PTC Financial Services: Invest at cut-off

M.V.S. Santosh Kumar | Updated on March 16, 2011

3-4 year investment horizon may be necessary for returns

Investors with a high risk appetite can consider subscribing to the initial public offer of PTC Financial Services (PTC Finance), an infrastructure financing company. PTC Finance is a subsidiary of Power Trading Corporation and has benefitted from its parentage by way of initial referrals for equity and debt financing. PTC Finance engages not only in debt financing of power generation projects but also picks up equity stakes in them.

The offer size is Rs 433 crore, with Rs 352 crore worth of fresh equity, bolstering the company's capital base. At the upper end of the price band for retail investors (Rs 27), the stock is offered at 1.47 times its expected FY-11 book post-equity infusion. The price-earnings multiple would be 33 times of expected FY-11 earnings. The price band of PTC Finance is Rs 26-Rs 28 a share with Re 1 discount to retail investors.

However, that book value mainly represents the equity infusion. The company is under-leveraged and the return on equity has to go up significantly over the next couple of years to justify this valuation. Therefore, a 3-4 year investment horizon may be necessary for decent returns from the stock. Other finance companies in similar businesses — Power Finance Corporation, REC and IDFC are trading at price-book ratios of 1.8-2 times.

The long-term debt-equity ratio of the company is 0.46 as against five times in case other infra financing companies.

Financing opportunity

Power sector financing continues to be untapped despite huge inflows into the sector. Power financing needs in the country are large given the spending of Rs 10 lakh crore in the current Five-Year Plan (2007-12), and Rs 12 lakh crore outlay during the 12th Five-Year Plan. Around 50 per cent of the outlay would fund power generation assets.

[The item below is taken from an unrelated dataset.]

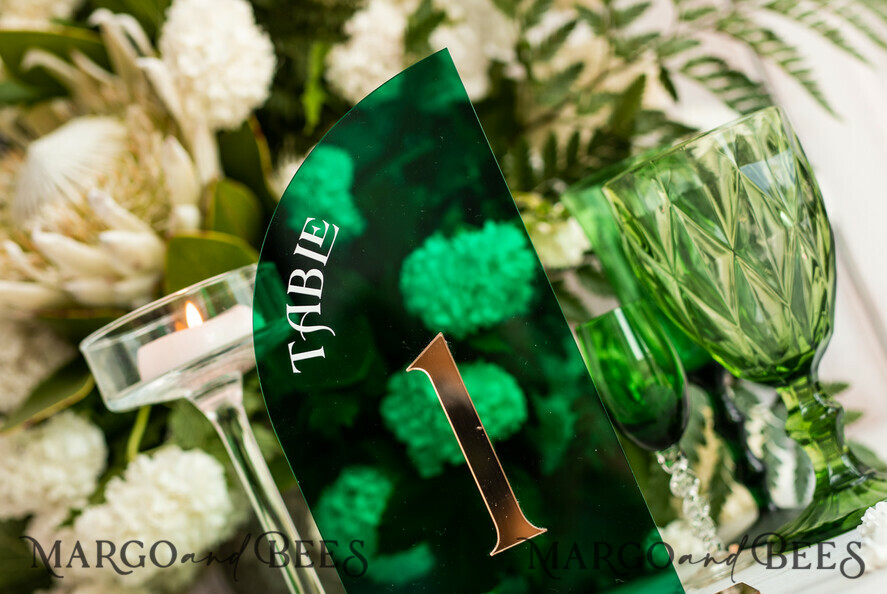 TABLE DECOR SIGNS Acrylic table decor Numbers Acrylic Half Arch Green Table Numbers, Green Acrylic and gold table numbers, Emerald Green Gold Plexi Table Numbers,  Luxury Wedding Table Decor, Wedding Sign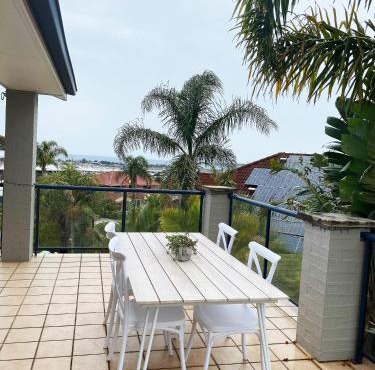 Cheerful/family friendly home with water views in Shellharbour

The key differentiator for PTC Finance is its equity portfolio (principal investments) in projects usually referred by its parent, which has signed power purchase agreements. These investments have the potential to yield higher returns than debt, if the projects take off on time. In some cases agreements give the company attractive post-tax returns after buyback by the promoter. Additionally, PTC Finance also has an exit route available by way of IPO or put option in medium-term which offers value unlocking opportunities.

The current equity investment book is at Rs 418 crore with additional investment commitments of Rs 143 crore. The capacity of the projects in which PTC Finance committed to equity stood at 3,221 MW with around 175.6 MW operational. In future, the equity investments may be constrained given that it can only fund sub-Rs 100 crore equity investments.

Debt financing

PTC Finance has a modest debt portfolio of Rs 595 crore and close to three times its current loan book is sanctioned and yet to be disbursed. The portfolio has no non-performing assets. However, given that the projects may be in the early stages of commissioning, it is too early to comment on the quality. The portfolio also includes renewable energy.

The sanctioned portfolio is supporting a capacity of 8,928 MW with a yield close to 16 per cent. Such high yields are translating into strong spreads even as the cost of funds is high at 10.17 per cent.

Two trends are likely. One, the yields may moderate as the company may fund bigger projects, with the portfolio shifting to longer maturities.

Secondly, the cost of funds may also come down as it diversifies its resource base with instruments such as retail infrastructure bonds and external commercial borrowings.

Even as these two factors neutralise each other to some extent, the current spread of 5.5 per cent may not be sustainable without deploying in high risk assets. The yields on loans have come down from 19 per cent in FY-10 to 15.74 per cent during nine months ended FY-11 (annualised). The yields are 3-4 percentage points higher than PFC and REC.

Near-term rate risk

Rising interest rates may not be a big concern for PTC Finance given the under-leveraged nature of the company. After capital infusion, the December-end capital adequacy would go up from 60.57 per cent to 94 per cent. Additionally, the pricing power of PTC Finance is high given that 85 per cent of the loans are on floating rate.

For the nine months ended December 2010, the company posted a net profit of Rs 32 crore up from Rs 25 crore during the whole of previous fiscal. The company is also engaged in advisory services and buys future carbon credits for selling it to a third party. For nine months ended December 2010, the return on net worth (annualised) for the company worked out to 6.4 per cent. This may improve significantly as the company uses more debt for on-lending.

Despite strong demand for financing, PTC Finance stock may only suit investors with high-risk appetite. For one, it has a short operational history. Two, equity exposures while giving higher return on capital employed may be more risky.